On February 11, 2008, the Registrant entered into amended and restated employment agreements with each of Drs. Lowe and Murray, Mr. Smith and Ms. Lalani, principally to comply with the requirements of Section 409A of the Internal Revenue Code. The amended and restated agreements were approved by the Registrant’s Compensation Committee on January 25, 2008.

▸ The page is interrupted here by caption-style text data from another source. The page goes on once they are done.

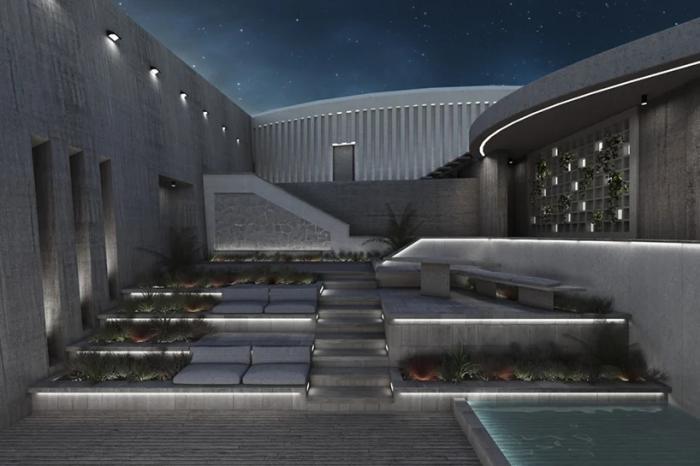 BIM建筑|“享乐主义住宅”，希腊 / ADD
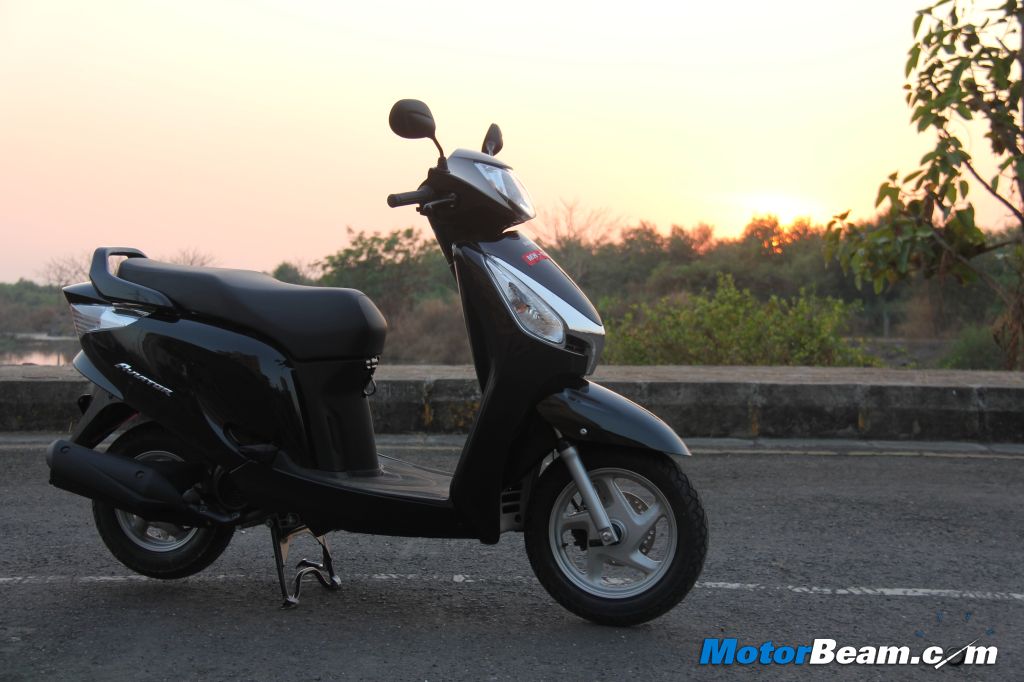 Honda Aviator Test Ride Review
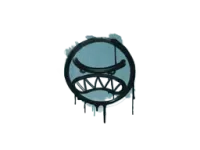 Sealed Graffiti | Tilt (Wire Blue)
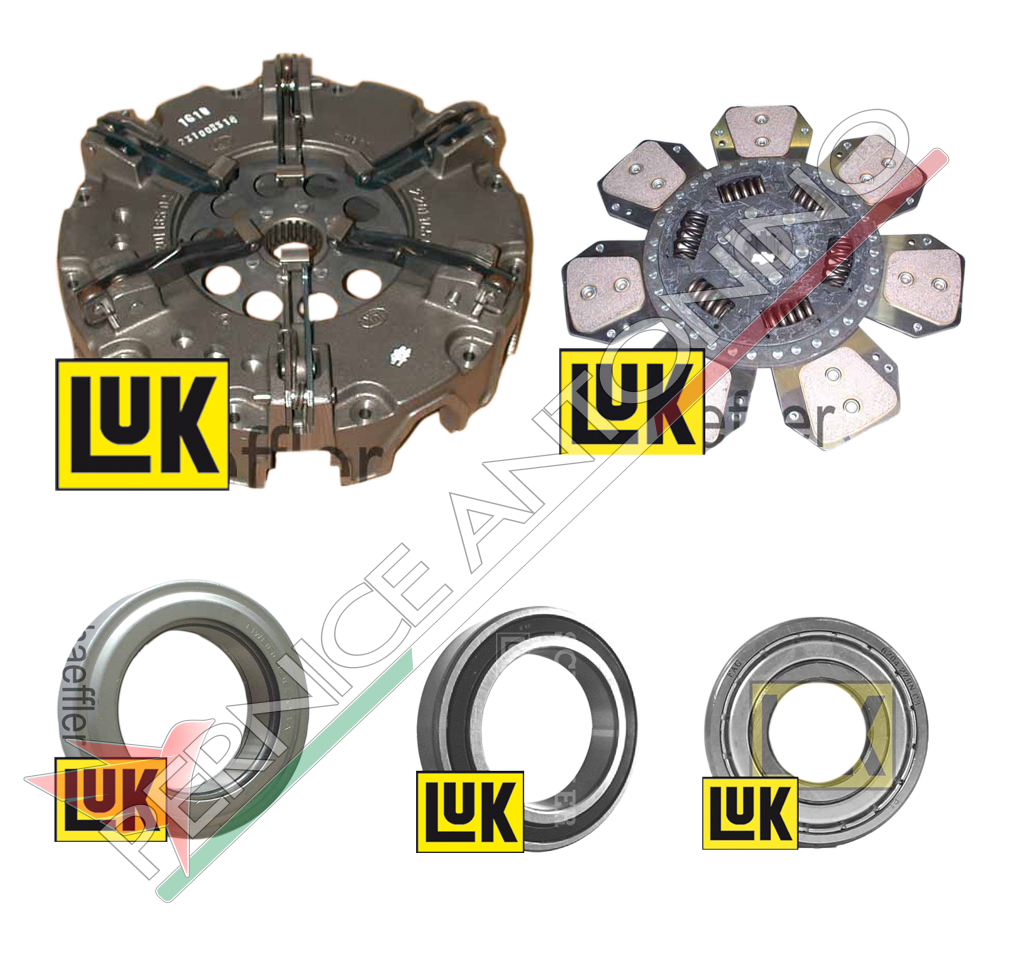 Complete twin disc clutch kit - CASE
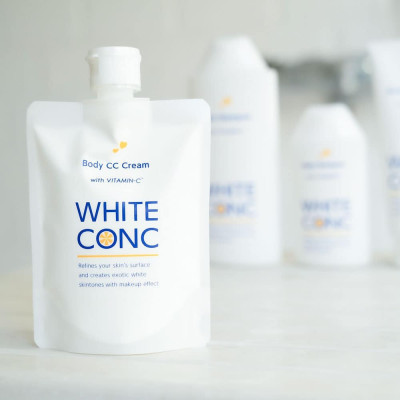 Kem Dưỡng Trắng Da Toàn Thân Ban Ngày White Conc Marna CC Cream C II (200 G)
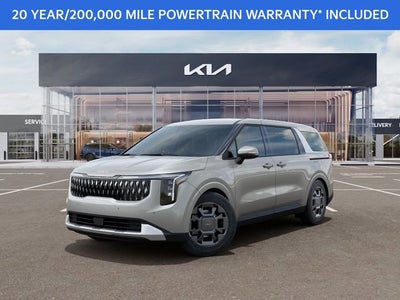 2026 Kia Carnival Hybrid EX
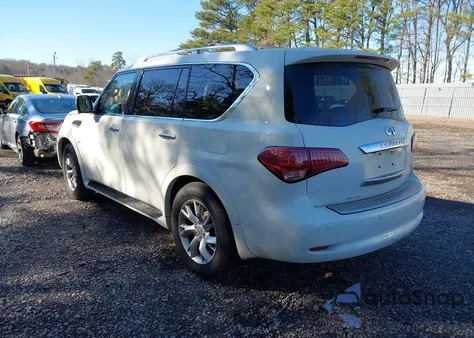 2014 Infiniti Qx80 из США, поврежденный, VIN JN8AZ2NC3E9352098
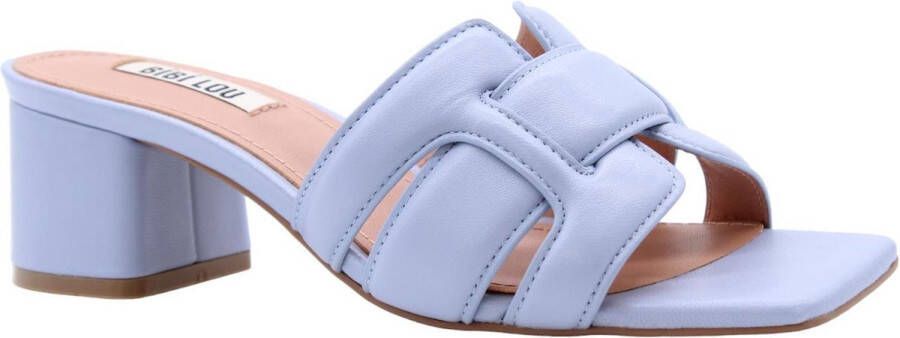 Bibi Lou Cayenne Muiltje Sandalen Blue Dames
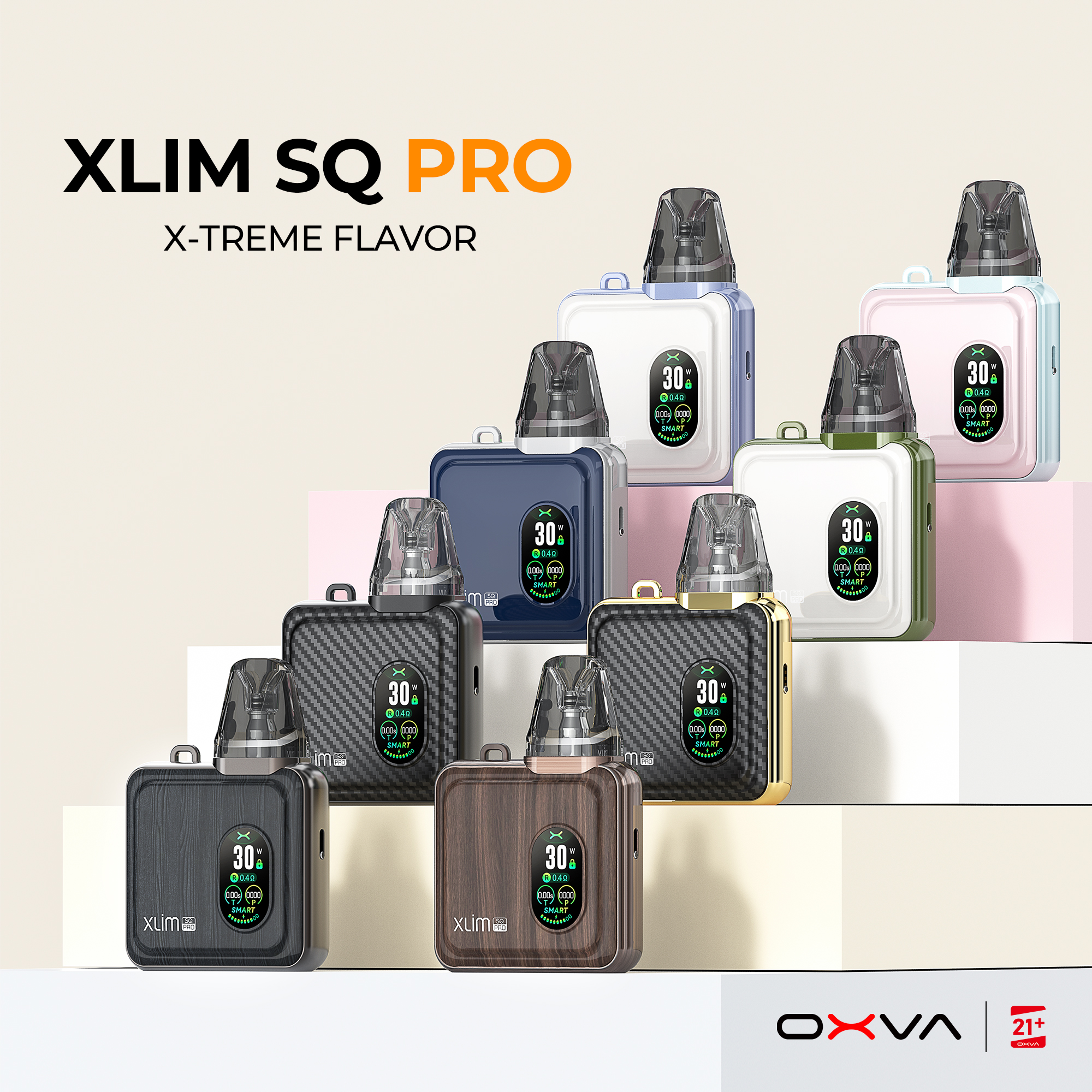 OXVA XLIM SQ Pro Kit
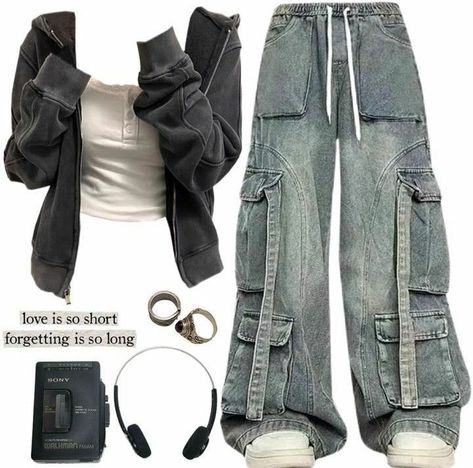 Ytk Fashion, Outfits For Medium Sized Women, Different Outfit Aesthetics, Mode Emo, Mode Zara, Outfit Inspo Casual, Trendy Outfits For Teens, Mode Kpop, Mein Style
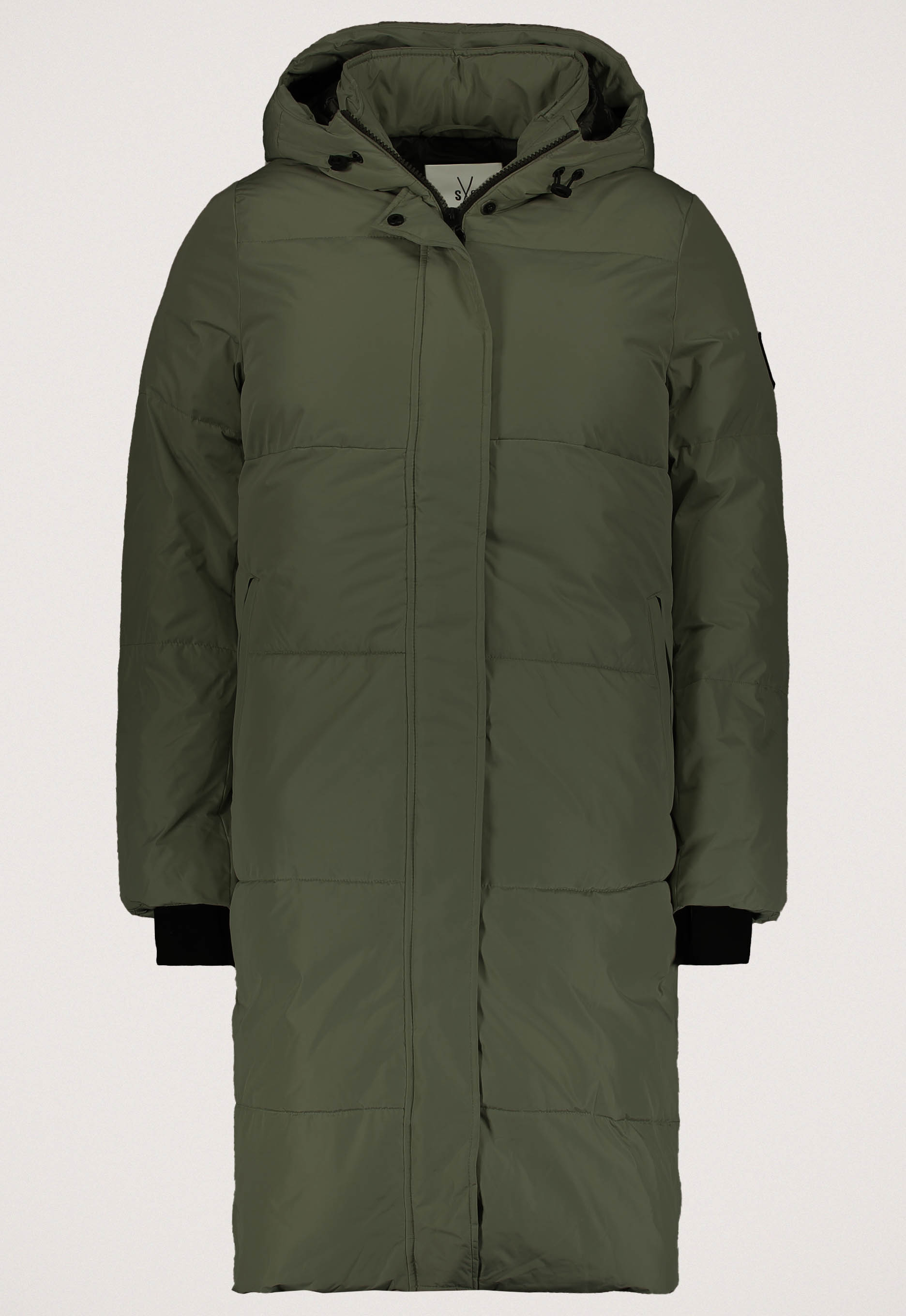 Silvercreek Base Puffer Jas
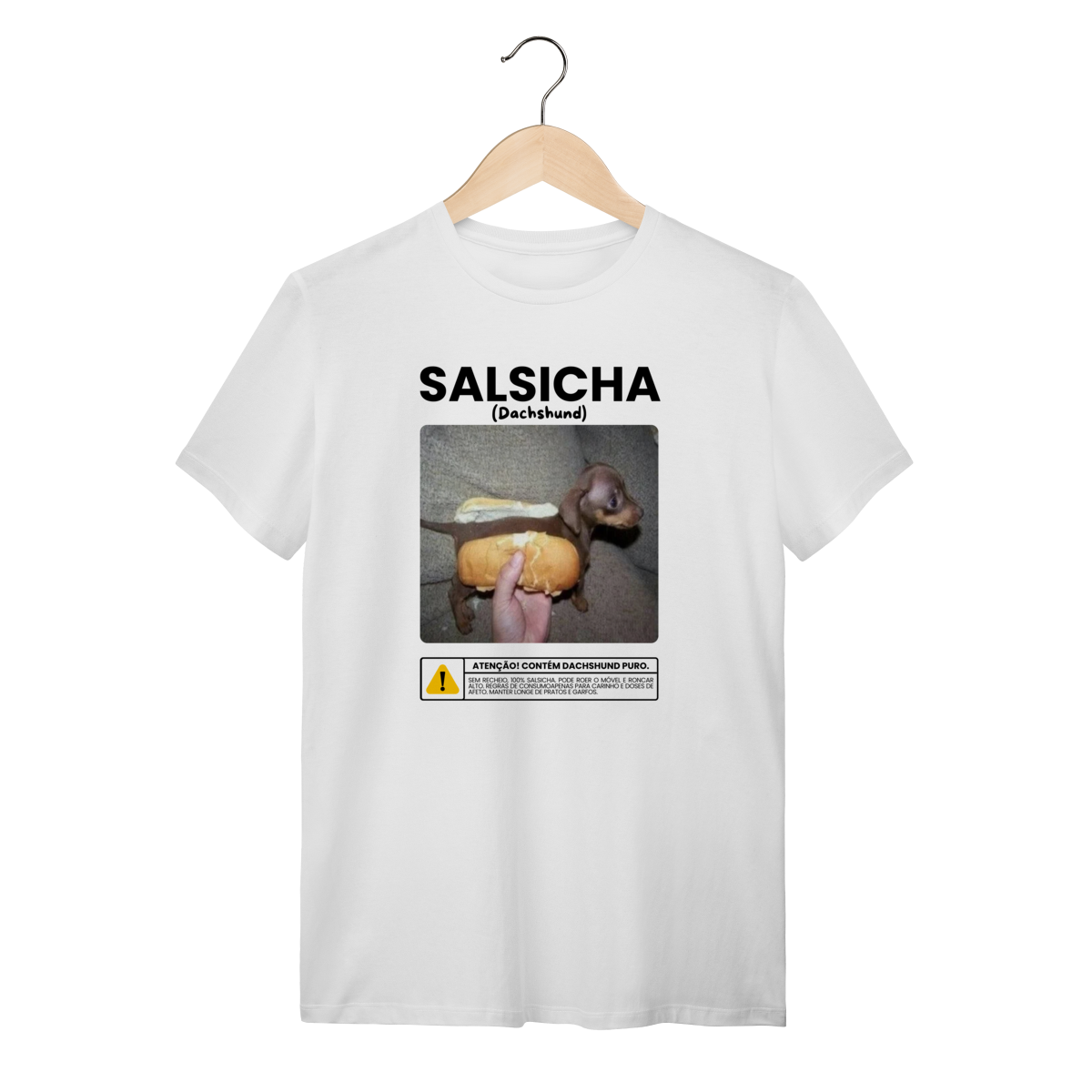 Nome do produto: Dachshund Puro – Sem Recheio, 100% Salsicha!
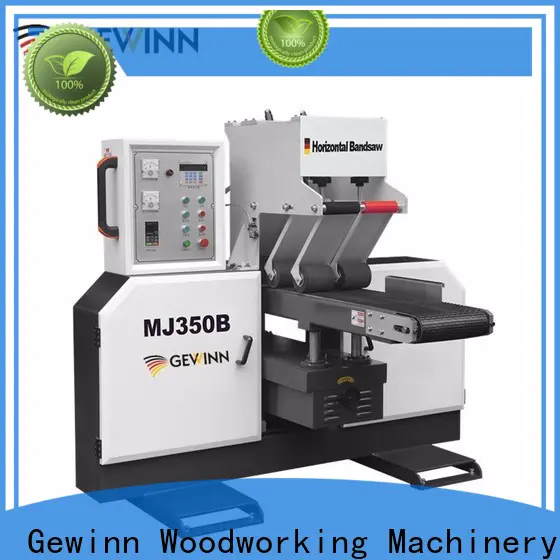 Gewinn woodworking equipment easy-operation for cutting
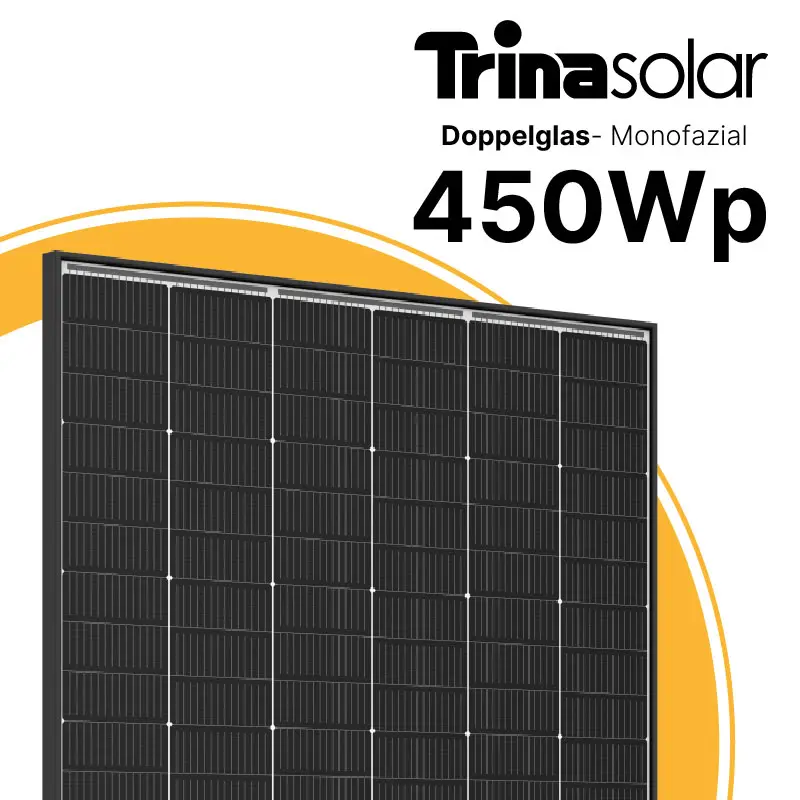 Trina Solar Vertex S+ TSM-450NEG9R.28 - PV-Modul Menge: 1 Stück Trina Solar Vertex S+ TSM-450NEG9R.28 - PV-Modul Menge: 1 Stück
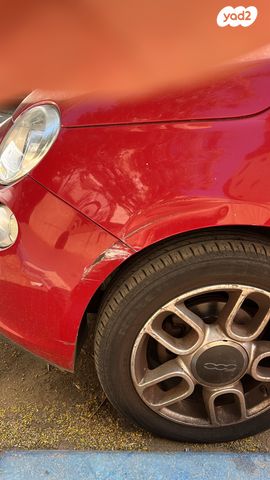 מודעת רכב פיאט 500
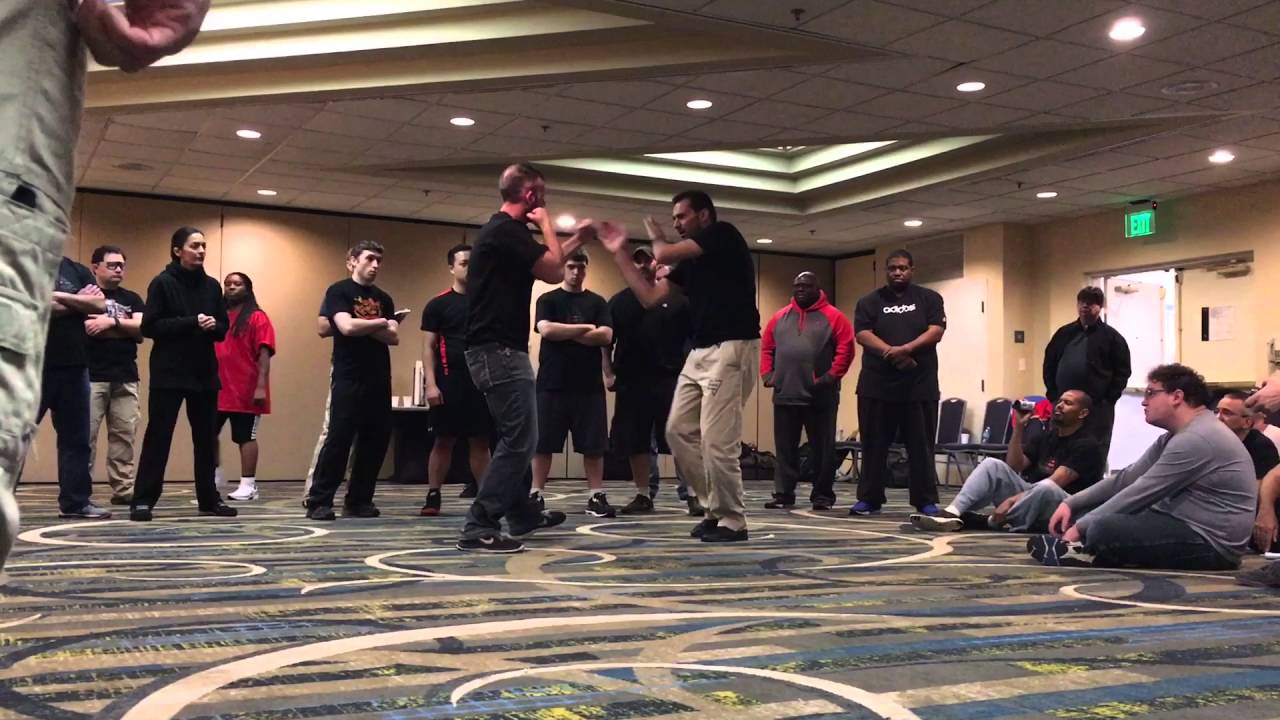 FIGHTABILITY visits the Marcaida/Mastro Seminar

The foregoing descriptions of the amended and restated employment agreements do not purport to be complete and are qualified in their entirety by reference to the full text of each document as attached hereto and incorporated herein by reference.





Item 8.01 Other Events.


On February 5, 2008, certain significant stockholders of the Registrant entered into a Lock-Up Letter Agreement, for the benefit of the Registrant, pursuant to which such stockholders agreed that, for a period of 180 days after the appointment of Mr. Kailian as the Chief Executive Officer of the Registrant, they will not, without the prior written consent of the Registrant, sell or otherwise dispose of or transfer (including without limitation by purchasing any option or contract to sell or granting any option for the sale of) any shares of our common stock, including any shares that they may acquire after the date of such agreement. These stockholders include (i)Venrock Associates, Venrock Associates II, L.P. and Venrock Entrepreneurs Fund, L.P., with which Anthony B. Evnin, one of our directors, is affiliated, (ii) Oxford Bioscience Partners II L.P., Oxford Bioscience Partners (Bermuda) II L.P., Oxford Bioscience Partners (Adjunct) II L.P., Oxford Bioscience Partners (GS-Adjunct) II L.P., Oxford Bioscience Partners IV L.P. and mRNA Fund II L.P., with which Jonathan J. Fleming, our Chairman of the Board, is affiliated, (iii) Biomedical Value Fund, L.P. and Biomedical Offshore Value Fund, Ltd., and (iv) MPM BioVentures IV-QP, L.P., MPM BioVentures IV GmBh & Co. Beteiligungs KG, MPM Asset Management Investors BV4 LLC, MPM Bioequities Master Fund, LP and MPM Bioequities Investors Fund, LLC, with which, with respect to certain of such funds, Mr. Kailian is affiliated.







SIGNATURES

Pursuant to the requirements of the Securities Exchange Act of 1934, the registrant has duly caused this report to be signed on its behalf by the undersigned hereunto duly authorized.

         
    Memory Pharmaceuticals Corp.
          
February 11, 2008   By:   /s/ Jzaneen Lalani
       
        Name: Jzaneen Lalani
        Title: General Counsel


Exhibit Index


     
Exhibit No.   Description

 
10.1
  Amended and Restated Employment Letter Agreement, dated as of February 11, 2008, between David A. Lowe, Ph.D. and the Registrant.
10.2
  Amended and Restated Employment Letter Agreement, dated as of February 11, 2008, between Stephen Murray, M.D., Ph.D. and the Registrant.
10.3
  Amended and Restated Employment Letter Agreement, dated as of February 11, 2008, between Jzaneen Lalani and the Registrant.
10.4
  Amended and Restated Employment Letter Agreement, dated as of February 11, 2008, between Michael Smith and the Registrant.